Despite the EPA’s classification, ERF’s suit challenged PG&E’s failure to obtain NPDES stormwater permits for its 31 service centers. Specifically, ERF alleged that despite PG&E’s SIC Code Grouping, it should be required to obtain NPDES stormwater permits because it conducts “industrial” activities at its auxiliary facilities. ERF argued that PG&E should either be placed into a different SIC Code Group, or alternatively, that the PG&E facilities should be under a separate grouping from PG&E. ERF’s argument was based on the premise that the EPA and the State Water Board have the authority to, and indeed should, regulate these facilities under the NPDES program.

The court rejected ERF’s demand to reclassify PG&E’s SIC Code Grouping based on its individual service facilities. In the court’s view, while ERF’s interpretation of the CWA enforcement provisions was not entirely untenable, neither the EPA nor the State Water Board had ever interpreted the CWA in the way ERF suggested.

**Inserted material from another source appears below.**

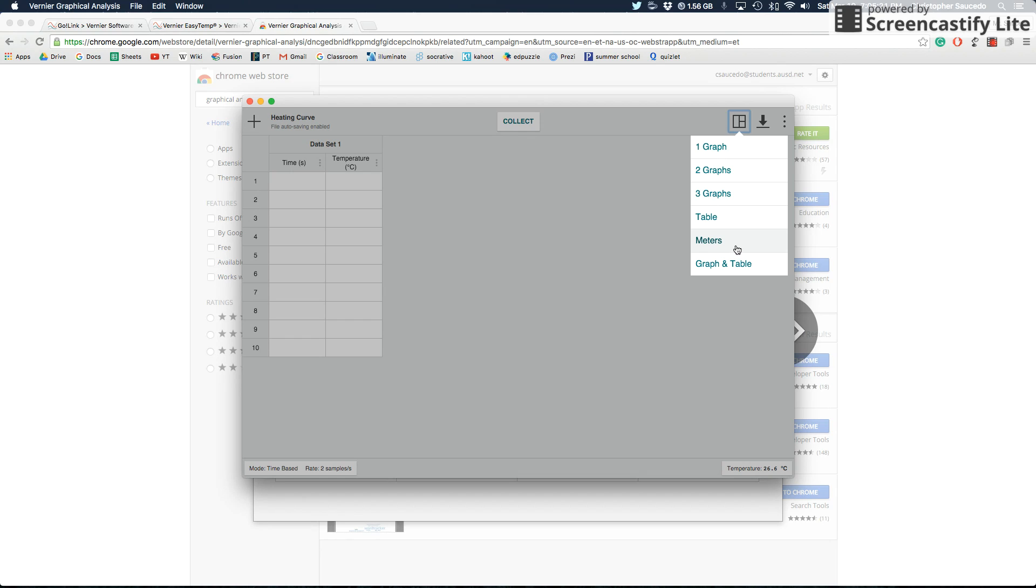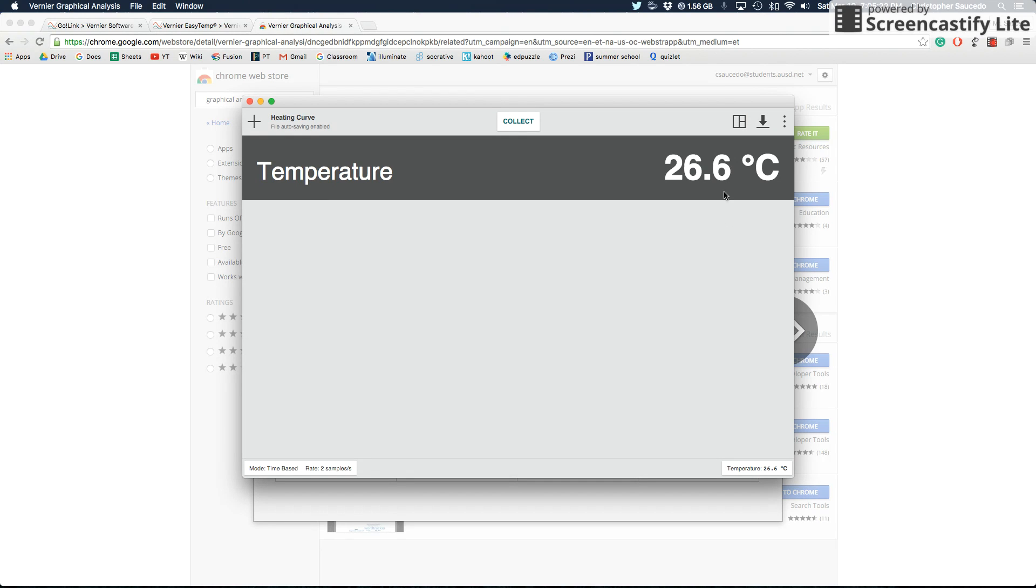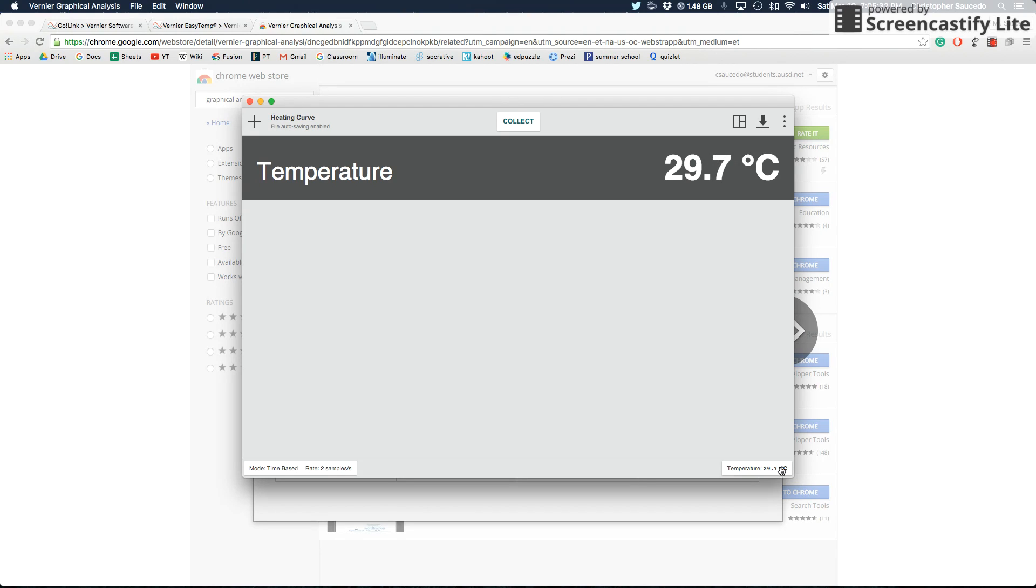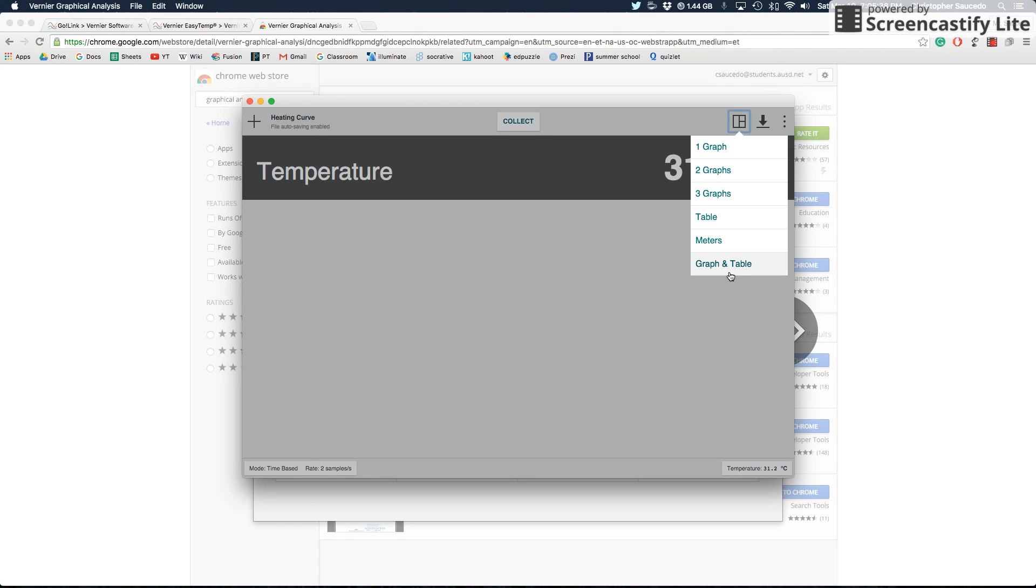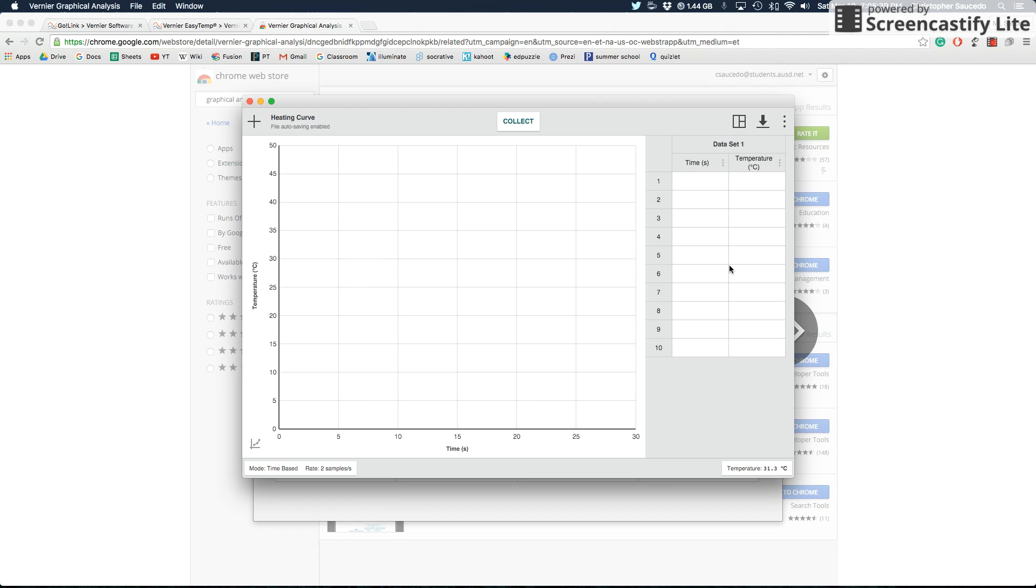If you go to meters, it's giving you in real time the temperature. Right now I'm holding on to the temperature probe, so it's going up dramatically. It also gives you that same piece of information down here at the bottom. I'm going to let go now. And then if you do graph and table, it gives you the graph and also the table data. You might want to use that if you want to actually use the data and see the graph at the same time.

The court held that (1) the citizen-suit provision of the CWA is a vehicle for private parties to bring actions to enforce the CWA, it does not authorize a court to compel the regulators to implement the CWA differently; and, (2) because the regulatory agencies were not parties to the action, any challenge to the their implementation of the CWA without their participation in the suit was inappropriate. The court emphasized that Congress left it up to the EPA to make such determinations, and under the principles of “Chevron deference,” the courts were required to defer to the wisdom of those agency determinations. Accordingly, the court granted PG&E’s motion for partial summary judgment, holding that ERF failed to show it had a viable claim under the citizen-suit provision of the CWA.

This decision is noteworthy for two main reasons. First, as a practical matter, it preserves the status quo for businesses which are classified as “non-industrial” under the SIC Code Groupings, thus allowing them to continue to operate outside CWA stormwater regulations. Second, and perhaps more significantly, this decision reinforces that the courts will not allow citizen plaintiffs to predicate CWA enforcement actions on regulatory interpretations that the agencies have demonstrably declined to adopt. This emphasizes the rule that parties that seek to challenge a regulation (or an agency’s interpretation of a regulation) must do so through the appropriate channels, the CWA’s citizen-suit provision will not operate as a back-door for such a challenge.

We will continue to provide regular updates regarding the CWA and the NPDES program as they arise.